Elsevier

Information Sciences

Volume 220, 20 January 2013, Pages 46-63
Information Sciences

Fuzzy Passive–Aggressive classification: A robust and efficient algorithm for online classification problems

https://doi.org/10.1016/j.ins.2012.06.023Get rights and content

Abstract

Fuzzy weighting, which is designed to reduce the effects of outliers for batch classification problems, might generate unreasonable membership grades especially for the samples following an input outlier, when incorporated into online classification algorithms directly. In this paper, a generalized framework for online fuzzy weighting is presented, which incrementally calculates the membership of each incoming sample by taking into account the membership grades of previous samples in a pairwise manner. The advocated pairwise-distance based scheme can not only identify possible outliers, but also show good adaptation to the sequentially received samples in the online setting. We apply it to online Passive–Aggressive (PA) algorithm in a direct way. The resulting Fuzzy Passive–Aggressive (FPA) algorithm achieves comparable classification accuracy with benchmark incremental SVM, while still enjoying the time efficiency of simple PA, which is a Perceptron-like algorithm. Besides, FPA exhibits the best performance among PA family, which makes it a robust and efficient alternative to PA, in order to deal with unavoidable outliers in large-scale or high-dimensional real datasets. The study is supported by a series of experiments with IDA benchmark repository, as well as two real-world problems namely place recognition and radar emitter recognition.

Introduction

Nowadays machine learning techniques, such as K-NNs [16], Bayes classifiers [18], [47], decision trees [11], [36], and support vector machines (SVMs) [8], [13], [42], have been widely used for classification problems [19]. However, in practical applications, when the data arrive over long periods of time or the storage capacities are very limited (processing of data at once is impossible), these techniques fail to work well. Therefore, online learning is of increasing importance to deal with endless stream of received data such as stock market indexes, sensor data, and video streams [6]. For a system involved in online learning, it should allow to incorporate additional training data, when it is available, without re-training from scratch.
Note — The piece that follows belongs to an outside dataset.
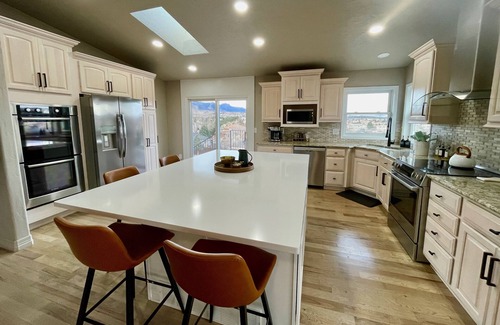 Northwest Colorado Springs House | Multi-family get away with breath taking Colorado views.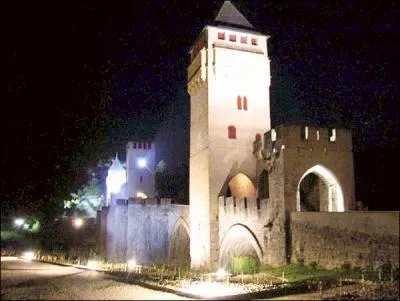 Sa construction s'étala de 1308 à 1378, et il est dit que le maître d'uvre passa un pacte avec le diable.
In the online setting, samples are received in a sequential manner. The model makes a prediction label for the current sample on each round. Then it may select to update the prediction mechanism or not, upon receiving the correct label. Perceptron [39] is a simple but efficient online learning algorithm, which has been extensively studied to enhance its generalization power. Crammer et al. [15] presented an online Passive–Aggressive (PA) algorithm, which is as fast as but more accurate than Perceptron. It updates the model to have a low loss on the new sample, as well as to ensure that the new model is close to the current one. Orabona et al. [34] proposed the Projectron algorithm, which is also based on Perceptron. But the number of online hypothesis in this method is bounded by projecting the samples onto the space spanned by the previous online hypothesis, instead of discarding them. In [20], ALMAp was presented, which approximates the maximal margin hyperplane for a set of linearly separable data. Additionally, SVMs have been modified for many incremental versions [9], [17], [24], which formulate an online optimization problem in general. The motivation of these works is to maintain the KKT conditions by varying the margin vector coefficients, in response to the perturbation imparted by the incremented new coefficient. To sum up, quite a few online machine learning algorithms have been developed to deal with the huge or stream data.

For real-world problems, the application of fuzzy set theory (FST) based model has also become attractive and visible, especially in the realms of automatic control and pattern recognition [29], [38]. The vague and imprecise expressions that are used by human beings to describe practical processes could be modeled gracefully by FST [35]. Linguistic rules based fuzzy classifiers (FCs) [4], [5], [37], [40] provide a comprehensive way to illustrate underlying concepts of complicated systems. In [1], an efficient method was discussed for extracting fuzzy rules directly from numerical input–output data for pattern classification. Mencar et al. [31] designed fuzzy rule-based classifiers from data with the constraint of semantic cointension. Moreover, fuzzy rules can be also extracted from the trained SVM models [10]. Generally speaking, these classifiers, supported by FST, are mainly structured on fuzzy-rules.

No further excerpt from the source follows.